Caption-style text data:
^^^^^^^^

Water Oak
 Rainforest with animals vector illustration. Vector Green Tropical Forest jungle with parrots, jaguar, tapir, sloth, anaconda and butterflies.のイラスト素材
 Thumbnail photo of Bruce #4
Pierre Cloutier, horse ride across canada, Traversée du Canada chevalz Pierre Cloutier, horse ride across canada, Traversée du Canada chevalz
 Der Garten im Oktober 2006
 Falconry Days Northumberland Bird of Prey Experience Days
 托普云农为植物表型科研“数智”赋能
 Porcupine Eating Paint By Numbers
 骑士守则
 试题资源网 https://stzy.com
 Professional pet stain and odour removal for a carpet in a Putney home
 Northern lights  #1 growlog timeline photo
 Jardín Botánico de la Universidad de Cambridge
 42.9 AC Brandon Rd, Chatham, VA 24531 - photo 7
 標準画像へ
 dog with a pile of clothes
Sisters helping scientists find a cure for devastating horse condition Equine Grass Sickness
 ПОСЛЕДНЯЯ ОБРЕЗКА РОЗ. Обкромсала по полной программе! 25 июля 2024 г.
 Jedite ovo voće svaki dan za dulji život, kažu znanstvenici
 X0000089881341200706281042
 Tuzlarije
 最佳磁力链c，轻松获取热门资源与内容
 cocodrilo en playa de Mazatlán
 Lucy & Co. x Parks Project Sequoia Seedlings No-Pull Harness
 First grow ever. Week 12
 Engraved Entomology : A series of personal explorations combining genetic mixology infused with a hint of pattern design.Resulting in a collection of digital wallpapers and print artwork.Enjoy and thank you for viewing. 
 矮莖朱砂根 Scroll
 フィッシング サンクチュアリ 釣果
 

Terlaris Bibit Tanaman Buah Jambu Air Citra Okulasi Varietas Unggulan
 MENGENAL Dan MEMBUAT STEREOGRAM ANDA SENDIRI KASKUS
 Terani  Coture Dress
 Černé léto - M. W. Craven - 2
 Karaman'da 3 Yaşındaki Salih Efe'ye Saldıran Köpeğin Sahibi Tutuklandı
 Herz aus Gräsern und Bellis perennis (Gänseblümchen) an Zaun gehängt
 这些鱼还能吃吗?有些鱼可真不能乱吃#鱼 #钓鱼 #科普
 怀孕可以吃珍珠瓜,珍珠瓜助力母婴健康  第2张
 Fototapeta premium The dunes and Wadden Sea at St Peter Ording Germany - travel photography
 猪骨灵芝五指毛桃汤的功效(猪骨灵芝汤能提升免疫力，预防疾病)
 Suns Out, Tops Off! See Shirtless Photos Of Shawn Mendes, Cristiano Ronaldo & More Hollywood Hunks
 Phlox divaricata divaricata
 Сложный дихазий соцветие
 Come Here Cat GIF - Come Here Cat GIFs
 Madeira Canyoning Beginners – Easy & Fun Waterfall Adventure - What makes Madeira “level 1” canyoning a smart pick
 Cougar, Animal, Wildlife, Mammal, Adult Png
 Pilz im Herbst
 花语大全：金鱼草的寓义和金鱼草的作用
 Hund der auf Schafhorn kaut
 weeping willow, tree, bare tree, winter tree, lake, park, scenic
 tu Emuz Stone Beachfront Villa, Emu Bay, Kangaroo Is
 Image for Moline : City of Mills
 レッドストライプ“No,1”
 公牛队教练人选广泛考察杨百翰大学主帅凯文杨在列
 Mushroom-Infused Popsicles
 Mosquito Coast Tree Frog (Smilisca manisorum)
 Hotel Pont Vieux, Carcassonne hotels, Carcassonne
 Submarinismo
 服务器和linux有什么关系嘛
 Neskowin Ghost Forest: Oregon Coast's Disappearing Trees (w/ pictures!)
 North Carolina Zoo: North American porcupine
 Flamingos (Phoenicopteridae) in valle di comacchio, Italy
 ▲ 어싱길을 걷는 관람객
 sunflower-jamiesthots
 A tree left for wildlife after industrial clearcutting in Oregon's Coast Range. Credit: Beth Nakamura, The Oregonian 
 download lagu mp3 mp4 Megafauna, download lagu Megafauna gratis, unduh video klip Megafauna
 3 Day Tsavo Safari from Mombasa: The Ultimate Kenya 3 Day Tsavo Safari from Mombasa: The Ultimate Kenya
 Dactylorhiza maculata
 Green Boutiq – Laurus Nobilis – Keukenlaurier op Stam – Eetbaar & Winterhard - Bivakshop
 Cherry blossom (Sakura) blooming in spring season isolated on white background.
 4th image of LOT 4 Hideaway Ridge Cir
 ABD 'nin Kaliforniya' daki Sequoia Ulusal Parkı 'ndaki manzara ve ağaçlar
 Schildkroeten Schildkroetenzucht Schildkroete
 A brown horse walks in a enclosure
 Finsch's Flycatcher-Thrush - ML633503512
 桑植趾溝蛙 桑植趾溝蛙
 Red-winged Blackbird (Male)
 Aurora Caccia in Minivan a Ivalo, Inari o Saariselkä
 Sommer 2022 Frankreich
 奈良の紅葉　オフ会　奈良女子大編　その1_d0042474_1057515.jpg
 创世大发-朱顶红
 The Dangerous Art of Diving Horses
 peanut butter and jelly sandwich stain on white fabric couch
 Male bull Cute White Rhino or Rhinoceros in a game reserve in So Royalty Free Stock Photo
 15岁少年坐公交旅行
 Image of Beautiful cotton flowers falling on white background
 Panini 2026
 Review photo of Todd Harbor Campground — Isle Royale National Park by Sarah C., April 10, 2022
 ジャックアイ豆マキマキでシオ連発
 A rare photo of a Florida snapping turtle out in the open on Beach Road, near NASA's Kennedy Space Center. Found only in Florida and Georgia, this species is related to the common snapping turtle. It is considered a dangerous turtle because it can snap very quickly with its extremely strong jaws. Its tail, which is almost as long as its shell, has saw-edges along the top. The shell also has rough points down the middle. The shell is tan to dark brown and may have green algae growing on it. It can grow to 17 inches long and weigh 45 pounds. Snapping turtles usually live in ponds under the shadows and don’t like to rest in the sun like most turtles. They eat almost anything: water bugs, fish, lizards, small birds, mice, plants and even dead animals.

^^^^^^^^

* [Problem details]:
As the answer, set down only the lines from the data above between the one holding "Hotel Pont Vieux, Carcassonne" and the one holding "桑植趾溝蛙 桑植趾溝蛙", inclusive, exactly as they read.

* [Solved exercise]:
 Hotel Pont Vieux, Carcassonne hotels, Carcassonne
 Submarinismo
 服务器和linux有什么关系嘛
 Neskowin Ghost Forest: Oregon Coast's Disappearing Trees (w/ pictures!)
 North Carolina Zoo: North American porcupine
 Flamingos (Phoenicopteridae) in valle di comacchio, Italy
 ▲ 어싱길을 걷는 관람객
 sunflower-jamiesthots
 A tree left for wildlife after industrial clearcutting in Oregon's Coast Range. Credit: Beth Nakamura, The Oregonian 
 download lagu mp3 mp4 Megafauna, download lagu Megafauna gratis, unduh video klip Megafauna
 3 Day Tsavo Safari from Mombasa: The Ultimate Kenya 3 Day Tsavo Safari from Mombasa: The Ultimate Kenya
 Dactylorhiza maculata
 Green Boutiq – Laurus Nobilis – Keukenlaurier op Stam – Eetbaar & Winterhard - Bivakshop
 Cherry blossom (Sakura) blooming in spring season isolated on white background.
 4th image of LOT 4 Hideaway Ridge Cir
 ABD 'nin Kaliforniya' daki Sequoia Ulusal Parkı 'ndaki manzara ve ağaçlar
 Schildkroeten Schildkroetenzucht Schildkroete
 A brown horse walks in a enclosure
 Finsch's Flycatcher-Thrush - ML633503512
 桑植趾溝蛙 桑植趾溝蛙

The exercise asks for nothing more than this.